Introducing Dormancy

Scienceline welcomes you to a new, creative project

Introducing Dormancy
This image was taken in August 2015 from a Brooklyn rooftop. For the most part, a sun-powered circadian clock guides human, plant and animal activity. But as you’ll soon find out, “Dormancy,” is more complicated than a setting sun. [Image Credit: JoAnna Klein]

View the project here.

To an arctic ground squirrel, dormancy means waking up exhausted after trying to survive nine months of hibernation. To the Muthurus tribes in India, it’s telling time by a flower that blossoms every twelve years. And to a robot, dormancy means powering down and saving energy to survive a Martian winter.

The term “dormancy” stems from the French word “dormir” or “to sleep.” But it represents so much more. Merriam-Webster defines dormant as “not doing anything at this time: not active, but able to become active.” It’s life without really living. It’s death without really dying. To be dormant, is to be suspended. Dormancy is a rest, a pause, a break.

This summer, Scienceline took an in-depth look at what it means to be dormant. Our project, “Dormancy,” carries the audience on a creative journey through the peculiar, quirky and sometimes harsh world of objects caught in a state of suspended animation.
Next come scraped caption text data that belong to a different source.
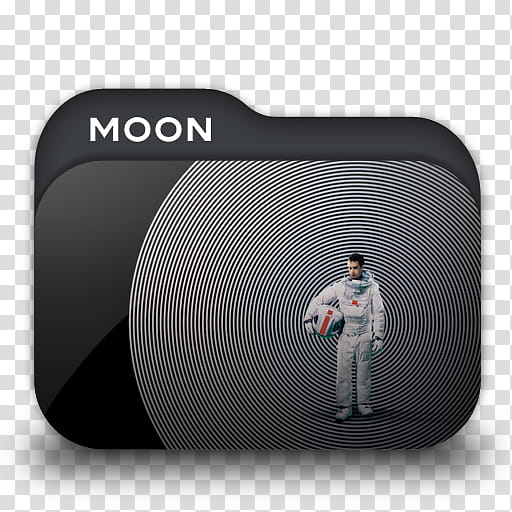 Movie Folders , Moon folder icon transparent background PNG clipart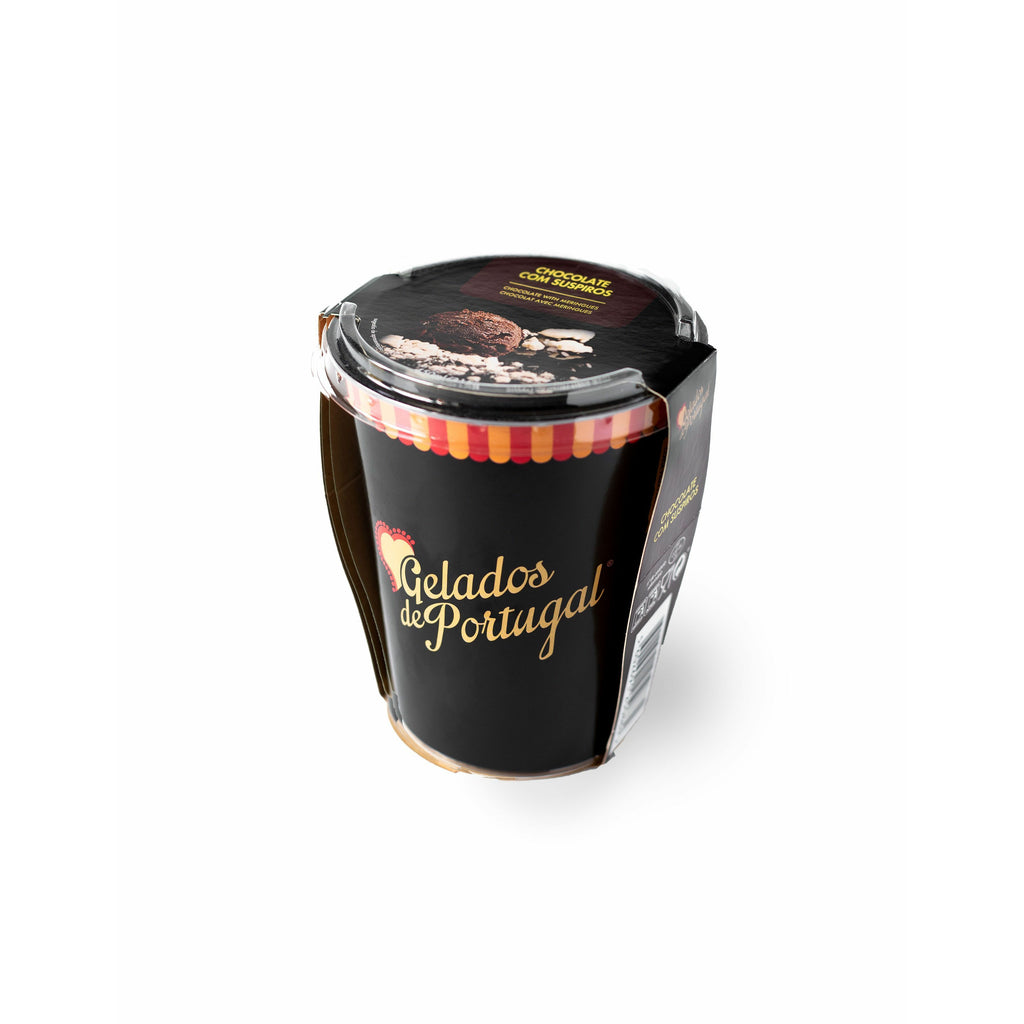 Gelados de Portugal - Chocolate with Meringues 450ml - Ace Market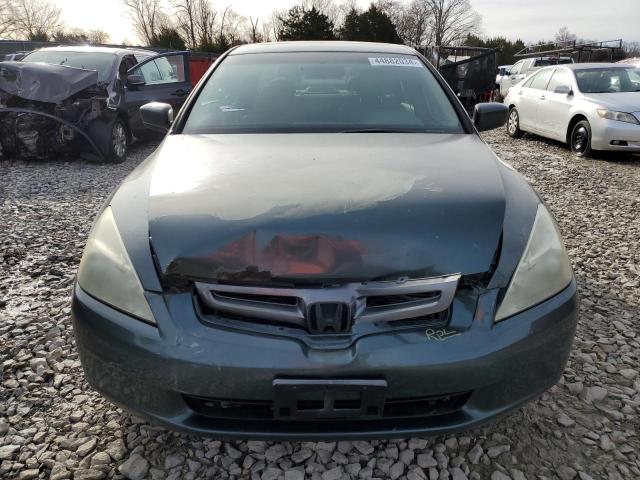 1HGCM66524A028617 - 2004 HONDA ACCORD EX GRAY photo 5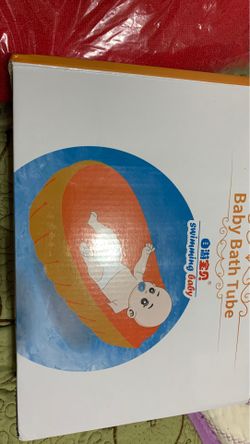 Baby bath tube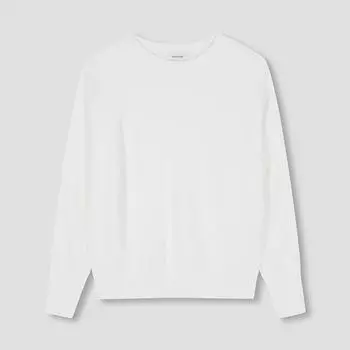 [She S miSS] Raglan Round Neck Knit SSkpoo12550 Iv Ivory/55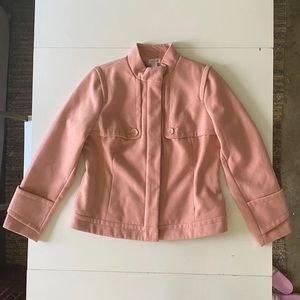 Chico’s Pink Coat Jacket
In a four-chapter series (which began Oct. 7), we urge you to actively engage in the contradictory nature of dormancy and to consider it as a concept of time. Dress casual, and plan to stay a whole month. We recommend pajamas.

To join the conversation about #sldormancy, follow us on Facebook and Twitter @Scienceline. We’re releasing the fourth chapter today (Oct. 28).

As Special Projects Director at Scienceline, I conceived this project last year to create a space where we could experiment with unconventional methods of collaborative science storytelling. A scientist by training, I know big ideas need big experiments and — perhaps more importantly — I know that learning comes through discovery.